Nice, I'll be getting this one too. I missed it in the theaters.


----------



## gorb (Sep 5, 2010)

Thanks for the review. I will probably pick this up too. Fun movie. Totally over the top and ridiculous which is perfectly fine with me


----------



## Jon Liu (May 21, 2007)

Thanks for the review, Dale!! I absolutely had a blast with this one in the theaters. In fact, I think this is my favorite of the franchise thus far. I will be buying this one for sure.


----------



## BadOrange (Jun 6, 2011)

Thanks for the review. I have seen a couple of them but not any of the more recent. May have to check this one out.


----------



## tylerlovely2006 (Apr 13, 2011)

thought this movie was great i watched it at like 60 volume and my system just took every thing that the move had. I'm so amazed by the sound and video quality of this move defiantly a great movie to ad to my collection!!!


----------



## Dwight Angus (Dec 17, 2007)

I ended up renting this one but definitely will buy it and add to the collection. Really enjoyed it. Video was good but Audio was top tier.


----------



## Jon Liu (May 21, 2007)

Watched this one twice since I purchased the disc and had just as much fun both times as I did when I originally saw it in theaters.


----------



## HomeTeam (Jan 10, 2008)

gorb said:


> Thanks for the review. I will probably pick this up too. Fun movie. Totally over the top and ridiculous which is perfectly fine with me


I thought the same thing. So crazy and ridiculous but so much fun. It definitely became my favorite movie of the year so far. Great to hear the disc is a must buy, can't wait to buy it.


----------



## Todd Anderson (Jul 24, 2009)

I just finished watching fast five. Have to agree with Dale, the audio was well presented. Very smooth and well put together. There were times I was left wanted a little more impact - but overall, a great mix! Same goes for the video quality --- the clarity of the film was great. There were times it looked as if the rock's sweat was dripping into our room!

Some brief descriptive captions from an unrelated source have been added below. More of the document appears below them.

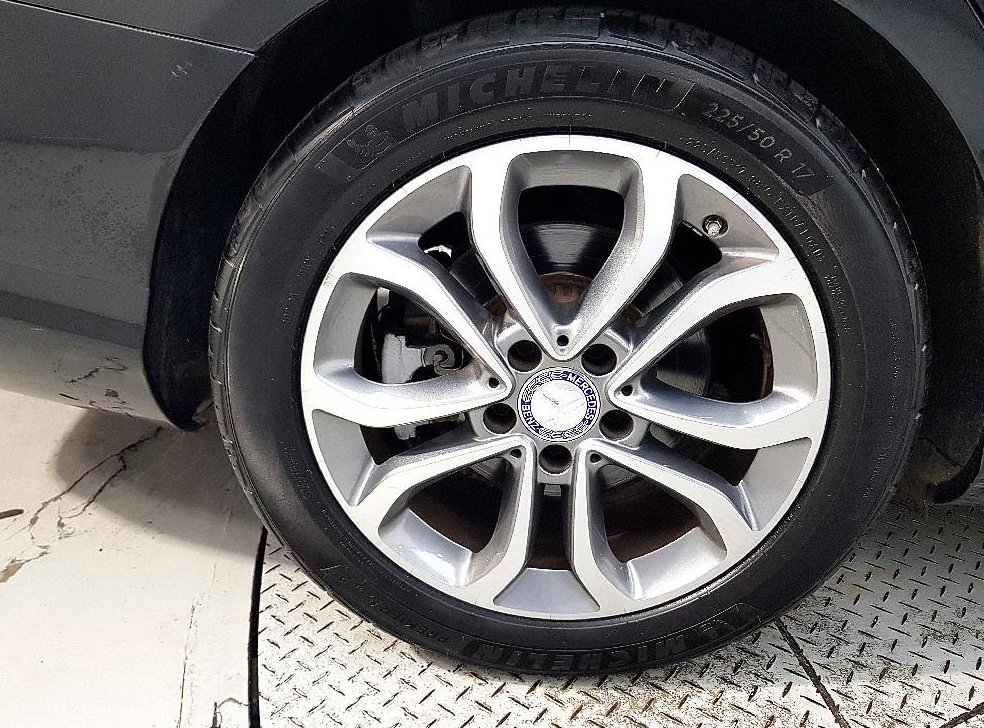 벤츠 C 클래스 C220 d 아방가르드 사진 20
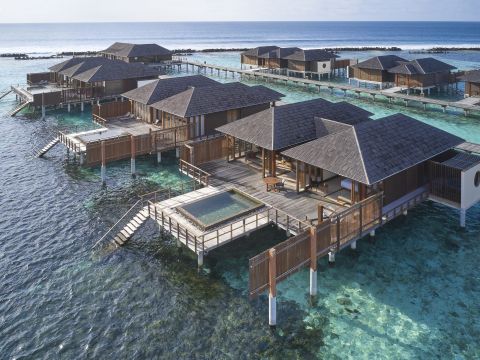 One Bedroom Ocean Suite with Pool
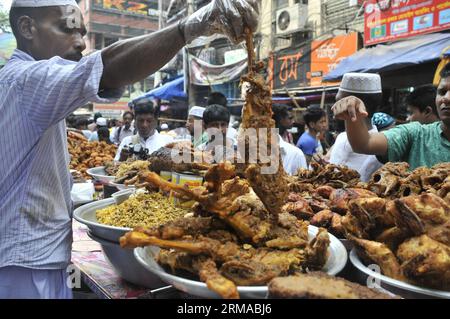 (140630) -- DHAKA, 30 juin 2014 (Xinhua) -- les musulmans bangladais achètent de l'ifter, de la nourriture pour briser le jeûne de jour pendant le mois sacré islamique du Ramadan, dans un bazar traditionnel de ifter à Dhaka, Bangladesh, le 30 juin 2014. Le Ramadan est le mois musulman du jeûne, au cours duquel les musulmans s'abstiennent de manger, de boire, de fumer du lever au coucher du soleil. (Xinhua/Shariful Islam) BANGLADESH-DHAKA-RAMADAN PUBLICATIONxNOTxINxCHN Dhaka juin 30 2014 XINHUA les musulmans bangladais achètent de la nourriture pour briser la journée presque pendant le mois sacré islamique du Ramadan dans un bazar traditionnel de ifter à Dhaka Banglades Banque D'Images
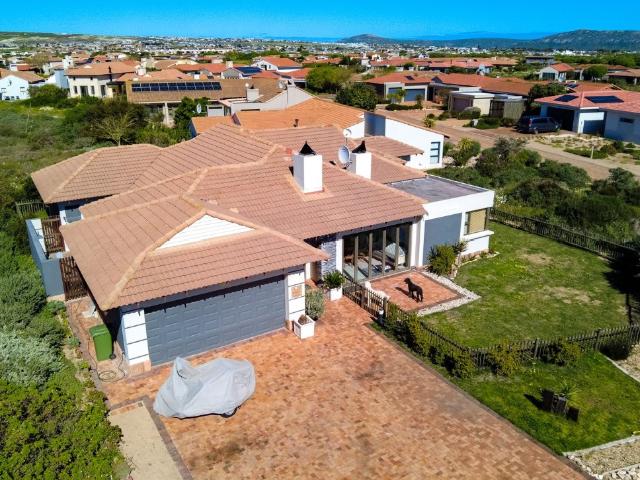 4 Bedroom House in Langebaan Country Estate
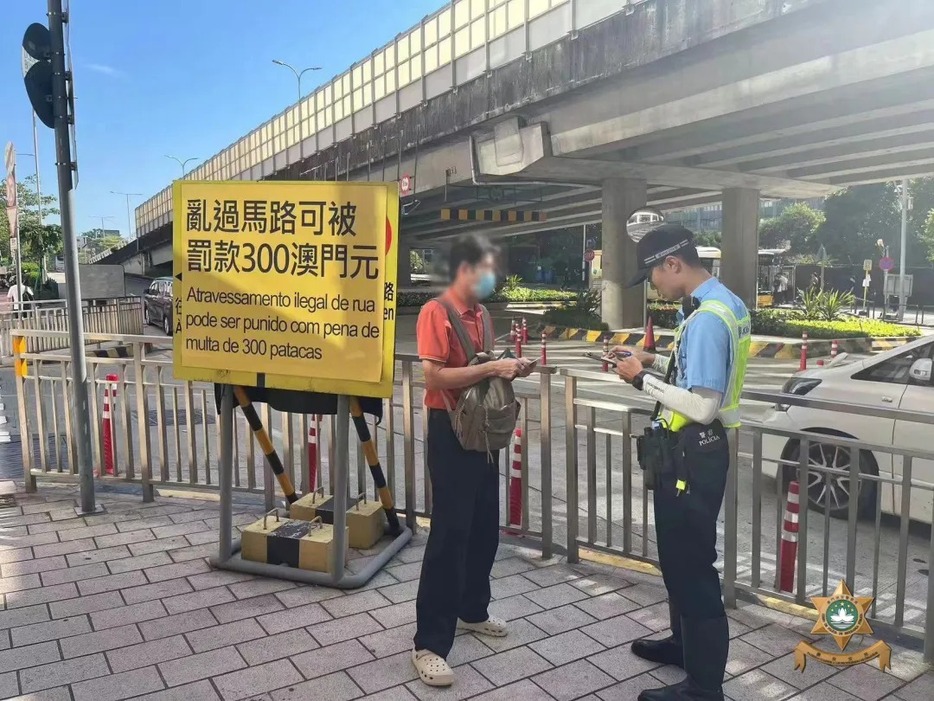 マカオ治安警察局が実施した歩行者の道路横断違反に対する取り締まりの様子（写真：マカオ治安警察局）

I thought the story was decent - not great (but everyone has their sweet spots ;-) - but definitely fun and very entertaining. I'd have to agree with everyone that this movie is a good one to put on your list. Not sure if I'll keep it as a permanent resident in my collection ... I think I'll give it one more watch before I decide that! ;-)


----------



## d12d (Dec 21, 2011)

I think this movie was good. I originally had no intentions of watching this after the last few in the series. However this is probably the best in the series. There are a few things that are a little bit of a stretch in this movie but it is a fun movie to watch. Recommended watch 7/10.


----------



## kcnitro07 (Feb 15, 2012)

I absolutely love the bass produced by the grenade explosion! Other than that its meh.


----------



## moparz10 (Sep 21, 2010)

Great review dale ! thanks definitley on my short-list


----------